Martin Scorsese's Divine Comedy by Catherine O'Brien

Martin Scorsese's Divine Comedy by Catherine O'Brien

Author:Catherine O'Brien
Language: eng
Format: epub
Publisher: Bloomsbury UK


Wasted talent

Deficient love also leads to more conventional ideas of sloth with regard to the use of one’s talents. Bliss claims that Alice Doesn’t Live Here Anymore ‘communicates a semblance of moral progress while what it actually catalogues is a story of spiritual inertia’ (Bliss 1995: 45). At one point the heroine is literally at a crossroads and says, ‘Quo vadis?’ echoing the famous story of St Peter. Scorsese admits that he ‘was fascinated by Ancient Rome because of the church’ (Schickel 2013) and that he liked the film Quo Vadis (1951) by Mervyn LeRoy. Alice appears to give up on her singing career, not making the most of her (admittedly unspectacular) gifts, but Scorsese was unhappy with the compromise scene in the diner in which Alice reconciles with her lover David. Ellen Burstyn explains: ‘The end they wanted was a movie ending, not a real ending – which was why Marty had everybody in the restaurant applaud, because that was his way of acknowledging that this was the movie ending’ (in Kelly 1996: 84–5).

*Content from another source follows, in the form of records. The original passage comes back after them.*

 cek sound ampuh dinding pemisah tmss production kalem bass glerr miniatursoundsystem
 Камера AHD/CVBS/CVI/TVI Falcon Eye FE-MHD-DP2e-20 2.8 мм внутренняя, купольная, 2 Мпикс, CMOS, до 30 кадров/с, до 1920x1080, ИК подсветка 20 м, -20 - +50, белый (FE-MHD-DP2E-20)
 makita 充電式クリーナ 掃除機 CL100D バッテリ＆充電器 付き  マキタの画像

In Scorsese’s adaptation of Edith Wharton’s novel The Age of Innocence, Newland Archer (Daniel Day-Lewis) has a comfortable nineteenth-century lifestyle but an insufficient sense of purpose. ‘The theme of conformity’ is seen ‘during a street scene in which an all-male band of pedestrians marches against the wind wearing identical derbies’ (Blake 2005). Newland Archer does eventually commit to his marriage with May Welland (Winona Ryder) but, as Roger Ebert points out, there is poignancy in the final scene that ‘reveals that the man was not the only one with feeling – that others sacrificed for him, that his deepest tragedy was not what he lost, but what he never realized he had’ (2008: 133). At the other end of the social scale, Johnny Boy’s poor work ethic in twentieth-century New York leads to the dramatic finale in Mean Streets in which he is shot because he cannot pay his debts, although he does remain alive.

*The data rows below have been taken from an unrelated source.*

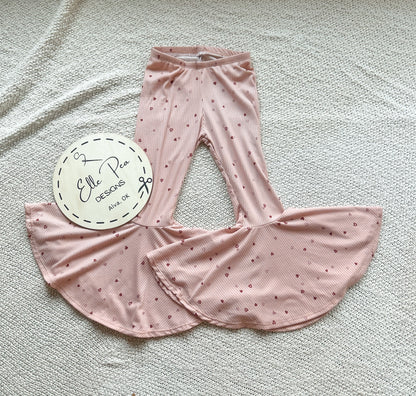 Daphne Bell bottoms - Pink Hearts (4T)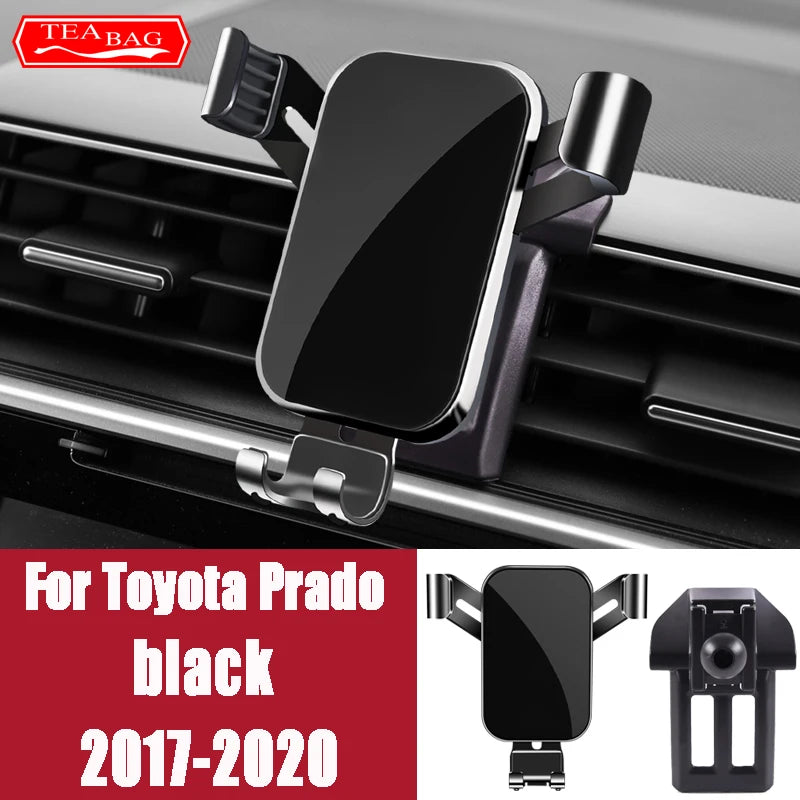 Car Phone Holder For Toyota Land Cruiser 200 LC200 FJ Prado 2014-2020 GPS Air Vents Navigation Bracket Interior Accessories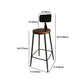 Modern Rectangle Solid Wood Bar Table Set 1/5/9 Pieces Counter Table with Black Stools Clearhalo 'Bar Furniture' 'furn' 'furn_home_bar_bar_sets' 'Furniture' 'Home Bars & Bar Sets' 'home_bar_bar_sets' 'Kitchen & Dining Furniture' 1200x1200_df18309e-fd42-45b2-a856-e12d583e1500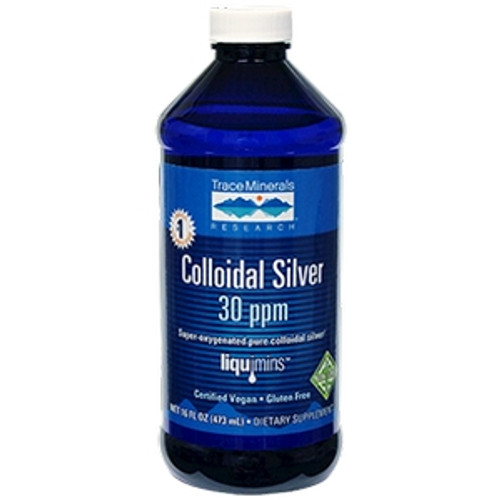 Colloidal Silver 30 PPM 16 fl oz by Trace Minerals Research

There are also signs of recovery when ‘Fast Eddie’ picks up his pool cue again in The Color of Money; Lionel Dobie returns to his canvas in Life Lessons; and Howard Hughes leaves the darkness of his screening room and takes the controls of The Hercules in The Aviator. But sloth is a difficult aspect to address on film, given that visualizing indolence is not necessarily an entertaining prospect. As the Pilgrim has already been informed in Inferno:

‘Now it behoves thee thus to put off sloth,’

My Master said; ‘for sitting upon down,

Or under quilt, one cometh not to fame,

Withouten which whoso his life consumes

Such vestige leaveth of himself on earth,

As smoke in air or in the water foam.’ (Inf. XXIV)

The piteous sight of Jake La Motta’s expanding girth in Raging Bull is a visible symbol of his inner weakness, while the stage routines in the night club might earn sympathy, as they ‘involve a kind of self-humiliation that is painful to watch’ (Bliss 1995: 70). ‘The man without a soul has nowhere to go but outward,’ claims Peter Ackroyd (in Hayes 2005: 6).